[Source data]
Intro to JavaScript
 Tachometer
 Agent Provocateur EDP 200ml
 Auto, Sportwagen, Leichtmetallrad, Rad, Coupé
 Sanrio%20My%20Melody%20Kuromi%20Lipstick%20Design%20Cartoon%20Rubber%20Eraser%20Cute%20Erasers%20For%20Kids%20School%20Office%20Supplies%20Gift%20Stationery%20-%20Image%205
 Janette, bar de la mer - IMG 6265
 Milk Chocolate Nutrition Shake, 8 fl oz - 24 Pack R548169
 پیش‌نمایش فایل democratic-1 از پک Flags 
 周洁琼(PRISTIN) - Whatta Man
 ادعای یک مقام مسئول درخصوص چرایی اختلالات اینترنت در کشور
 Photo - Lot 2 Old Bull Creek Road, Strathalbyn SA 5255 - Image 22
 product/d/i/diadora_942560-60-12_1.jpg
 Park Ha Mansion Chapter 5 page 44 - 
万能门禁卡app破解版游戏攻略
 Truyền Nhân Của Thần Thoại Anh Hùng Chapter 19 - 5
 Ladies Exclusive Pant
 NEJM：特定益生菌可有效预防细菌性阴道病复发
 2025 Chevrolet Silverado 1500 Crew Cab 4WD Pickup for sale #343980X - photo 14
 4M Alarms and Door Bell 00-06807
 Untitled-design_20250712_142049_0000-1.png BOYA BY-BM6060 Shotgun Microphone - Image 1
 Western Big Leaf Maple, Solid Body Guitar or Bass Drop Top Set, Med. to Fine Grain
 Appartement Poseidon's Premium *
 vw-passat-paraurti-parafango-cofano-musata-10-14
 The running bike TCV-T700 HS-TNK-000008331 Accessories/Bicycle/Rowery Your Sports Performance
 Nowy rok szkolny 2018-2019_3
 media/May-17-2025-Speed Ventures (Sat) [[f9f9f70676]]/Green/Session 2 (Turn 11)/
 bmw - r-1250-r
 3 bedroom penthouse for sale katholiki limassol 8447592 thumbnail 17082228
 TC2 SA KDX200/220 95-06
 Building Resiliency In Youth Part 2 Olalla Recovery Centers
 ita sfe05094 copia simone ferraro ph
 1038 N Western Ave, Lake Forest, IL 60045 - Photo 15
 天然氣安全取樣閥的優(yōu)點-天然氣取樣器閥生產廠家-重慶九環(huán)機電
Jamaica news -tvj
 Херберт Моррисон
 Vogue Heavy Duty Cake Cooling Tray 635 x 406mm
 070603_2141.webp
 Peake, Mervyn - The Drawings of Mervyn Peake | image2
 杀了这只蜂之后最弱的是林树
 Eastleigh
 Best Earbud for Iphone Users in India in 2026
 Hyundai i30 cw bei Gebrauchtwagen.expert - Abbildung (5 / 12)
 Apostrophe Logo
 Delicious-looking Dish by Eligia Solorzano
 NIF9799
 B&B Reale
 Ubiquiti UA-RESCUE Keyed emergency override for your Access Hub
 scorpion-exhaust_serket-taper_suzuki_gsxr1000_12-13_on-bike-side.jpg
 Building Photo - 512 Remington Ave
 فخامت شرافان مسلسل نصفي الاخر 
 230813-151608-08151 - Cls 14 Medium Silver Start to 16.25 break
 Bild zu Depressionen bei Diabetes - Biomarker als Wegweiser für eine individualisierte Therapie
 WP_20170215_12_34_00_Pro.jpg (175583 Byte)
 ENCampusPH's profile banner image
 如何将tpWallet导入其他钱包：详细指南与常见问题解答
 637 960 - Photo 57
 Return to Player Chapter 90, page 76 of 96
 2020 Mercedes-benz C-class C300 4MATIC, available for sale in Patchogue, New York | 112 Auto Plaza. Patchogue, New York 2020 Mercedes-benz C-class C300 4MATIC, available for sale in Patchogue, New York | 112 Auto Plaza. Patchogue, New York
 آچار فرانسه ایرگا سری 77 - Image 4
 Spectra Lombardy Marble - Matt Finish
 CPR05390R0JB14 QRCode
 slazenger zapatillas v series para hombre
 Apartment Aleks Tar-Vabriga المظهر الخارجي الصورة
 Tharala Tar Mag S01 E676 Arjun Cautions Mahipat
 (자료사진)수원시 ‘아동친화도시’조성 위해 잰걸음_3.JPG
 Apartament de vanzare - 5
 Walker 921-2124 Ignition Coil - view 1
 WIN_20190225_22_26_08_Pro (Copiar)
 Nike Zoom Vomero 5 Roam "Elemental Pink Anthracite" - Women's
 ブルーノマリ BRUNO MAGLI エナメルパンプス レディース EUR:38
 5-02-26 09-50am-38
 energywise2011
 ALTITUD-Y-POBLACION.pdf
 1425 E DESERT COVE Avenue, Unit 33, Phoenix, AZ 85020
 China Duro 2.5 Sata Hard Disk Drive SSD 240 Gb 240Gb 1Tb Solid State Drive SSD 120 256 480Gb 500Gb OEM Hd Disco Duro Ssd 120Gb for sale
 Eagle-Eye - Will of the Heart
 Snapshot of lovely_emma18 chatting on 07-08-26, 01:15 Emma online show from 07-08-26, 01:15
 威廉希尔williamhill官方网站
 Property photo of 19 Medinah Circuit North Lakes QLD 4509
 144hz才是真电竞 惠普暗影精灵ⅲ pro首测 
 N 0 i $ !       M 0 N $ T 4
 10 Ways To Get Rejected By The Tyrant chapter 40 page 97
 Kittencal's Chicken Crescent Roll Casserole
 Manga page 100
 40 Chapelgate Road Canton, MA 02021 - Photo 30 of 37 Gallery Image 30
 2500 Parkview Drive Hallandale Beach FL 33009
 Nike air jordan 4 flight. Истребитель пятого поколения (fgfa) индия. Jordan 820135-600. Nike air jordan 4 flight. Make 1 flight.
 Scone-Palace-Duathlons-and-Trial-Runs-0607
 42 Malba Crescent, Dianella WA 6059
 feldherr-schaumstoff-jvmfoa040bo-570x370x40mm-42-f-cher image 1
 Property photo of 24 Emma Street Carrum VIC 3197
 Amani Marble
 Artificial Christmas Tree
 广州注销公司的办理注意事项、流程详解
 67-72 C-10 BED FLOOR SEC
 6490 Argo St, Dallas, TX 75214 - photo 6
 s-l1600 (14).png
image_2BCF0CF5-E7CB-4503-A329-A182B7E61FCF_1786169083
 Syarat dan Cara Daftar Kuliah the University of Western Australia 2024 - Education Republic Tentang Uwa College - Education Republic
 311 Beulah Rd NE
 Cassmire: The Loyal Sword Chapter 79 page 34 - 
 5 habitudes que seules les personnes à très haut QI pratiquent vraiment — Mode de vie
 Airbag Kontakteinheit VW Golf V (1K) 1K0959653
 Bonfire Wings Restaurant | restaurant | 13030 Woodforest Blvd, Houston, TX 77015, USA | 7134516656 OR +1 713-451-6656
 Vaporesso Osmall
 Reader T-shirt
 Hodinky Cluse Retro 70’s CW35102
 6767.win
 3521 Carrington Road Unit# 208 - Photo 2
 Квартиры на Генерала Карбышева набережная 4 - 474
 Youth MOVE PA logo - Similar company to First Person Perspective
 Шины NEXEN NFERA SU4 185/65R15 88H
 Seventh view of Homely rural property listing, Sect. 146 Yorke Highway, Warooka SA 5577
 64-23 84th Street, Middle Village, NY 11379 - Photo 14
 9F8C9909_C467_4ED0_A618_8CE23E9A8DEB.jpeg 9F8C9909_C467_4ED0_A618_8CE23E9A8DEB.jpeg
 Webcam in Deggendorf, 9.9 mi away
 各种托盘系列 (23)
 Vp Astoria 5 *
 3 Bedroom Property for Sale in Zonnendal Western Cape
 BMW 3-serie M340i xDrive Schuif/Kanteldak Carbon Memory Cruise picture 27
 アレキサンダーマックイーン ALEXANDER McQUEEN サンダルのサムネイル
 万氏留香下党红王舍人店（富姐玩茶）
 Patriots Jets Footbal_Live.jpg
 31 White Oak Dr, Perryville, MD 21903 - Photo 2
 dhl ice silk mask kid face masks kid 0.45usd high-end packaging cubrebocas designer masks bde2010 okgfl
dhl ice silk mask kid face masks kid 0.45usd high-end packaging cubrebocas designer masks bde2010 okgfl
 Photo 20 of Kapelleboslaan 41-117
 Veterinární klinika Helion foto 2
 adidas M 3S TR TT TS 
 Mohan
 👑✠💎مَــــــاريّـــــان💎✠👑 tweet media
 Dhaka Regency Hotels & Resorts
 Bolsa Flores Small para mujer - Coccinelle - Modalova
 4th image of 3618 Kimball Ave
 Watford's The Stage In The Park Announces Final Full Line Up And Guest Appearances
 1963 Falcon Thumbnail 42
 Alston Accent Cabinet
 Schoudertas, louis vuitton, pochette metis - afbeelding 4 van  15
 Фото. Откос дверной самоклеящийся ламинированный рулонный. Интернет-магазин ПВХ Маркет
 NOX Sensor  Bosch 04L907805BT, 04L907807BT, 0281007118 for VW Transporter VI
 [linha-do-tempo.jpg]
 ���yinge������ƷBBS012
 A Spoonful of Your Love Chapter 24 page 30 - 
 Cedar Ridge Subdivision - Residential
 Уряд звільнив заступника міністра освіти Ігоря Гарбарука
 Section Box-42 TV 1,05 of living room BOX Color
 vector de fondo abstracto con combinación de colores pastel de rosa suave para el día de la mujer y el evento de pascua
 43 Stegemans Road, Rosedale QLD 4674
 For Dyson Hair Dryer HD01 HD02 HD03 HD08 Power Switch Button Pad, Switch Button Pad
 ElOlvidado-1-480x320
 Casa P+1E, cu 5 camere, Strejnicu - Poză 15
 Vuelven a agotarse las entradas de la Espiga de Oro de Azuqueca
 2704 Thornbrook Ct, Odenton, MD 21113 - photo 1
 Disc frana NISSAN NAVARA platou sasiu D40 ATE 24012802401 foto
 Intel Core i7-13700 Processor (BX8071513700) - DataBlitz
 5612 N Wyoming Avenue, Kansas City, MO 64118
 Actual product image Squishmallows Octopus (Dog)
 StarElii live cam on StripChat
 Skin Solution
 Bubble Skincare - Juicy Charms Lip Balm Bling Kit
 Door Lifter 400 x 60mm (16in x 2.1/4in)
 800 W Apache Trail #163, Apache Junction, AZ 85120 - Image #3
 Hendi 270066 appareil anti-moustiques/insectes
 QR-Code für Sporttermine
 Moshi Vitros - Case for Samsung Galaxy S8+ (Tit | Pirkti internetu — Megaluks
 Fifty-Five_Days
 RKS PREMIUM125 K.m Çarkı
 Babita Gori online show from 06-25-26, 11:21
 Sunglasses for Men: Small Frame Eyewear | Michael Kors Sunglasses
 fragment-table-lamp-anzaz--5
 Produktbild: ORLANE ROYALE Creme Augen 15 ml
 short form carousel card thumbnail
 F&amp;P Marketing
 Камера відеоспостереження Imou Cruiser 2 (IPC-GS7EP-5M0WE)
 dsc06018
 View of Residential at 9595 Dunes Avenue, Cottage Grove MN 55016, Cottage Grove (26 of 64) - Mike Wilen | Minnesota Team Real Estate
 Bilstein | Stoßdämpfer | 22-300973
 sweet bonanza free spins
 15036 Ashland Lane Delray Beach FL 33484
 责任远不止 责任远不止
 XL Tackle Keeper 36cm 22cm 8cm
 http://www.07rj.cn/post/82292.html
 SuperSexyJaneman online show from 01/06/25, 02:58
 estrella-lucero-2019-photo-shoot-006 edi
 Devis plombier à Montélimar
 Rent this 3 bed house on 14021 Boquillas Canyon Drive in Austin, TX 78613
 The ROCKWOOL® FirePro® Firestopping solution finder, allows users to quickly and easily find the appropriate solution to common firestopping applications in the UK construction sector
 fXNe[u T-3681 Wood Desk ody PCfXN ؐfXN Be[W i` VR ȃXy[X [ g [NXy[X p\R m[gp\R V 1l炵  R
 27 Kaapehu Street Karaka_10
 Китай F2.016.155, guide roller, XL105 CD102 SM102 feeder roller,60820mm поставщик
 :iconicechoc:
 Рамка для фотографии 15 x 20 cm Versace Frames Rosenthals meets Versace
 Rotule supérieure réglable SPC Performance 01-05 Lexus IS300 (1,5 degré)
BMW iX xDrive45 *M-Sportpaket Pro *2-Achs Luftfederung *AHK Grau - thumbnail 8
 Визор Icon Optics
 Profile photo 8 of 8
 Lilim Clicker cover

## Problem description
Give again, exactly as written, the lines running from the first line of the data above through the line that contains "Milk Chocolate Nutrition".

## Finished task
Intro to JavaScript
 Tachometer
 Agent Provocateur EDP 200ml
 Auto, Sportwagen, Leichtmetallrad, Rad, Coupé
 Sanrio%20My%20Melody%20Kuromi%20Lipstick%20Design%20Cartoon%20Rubber%20Eraser%20Cute%20Erasers%20For%20Kids%20School%20Office%20Supplies%20Gift%20Stationery%20-%20Image%205
 Janette, bar de la mer - IMG 6265
 Milk Chocolate Nutrition Shake, 8 fl oz - 24 Pack R548169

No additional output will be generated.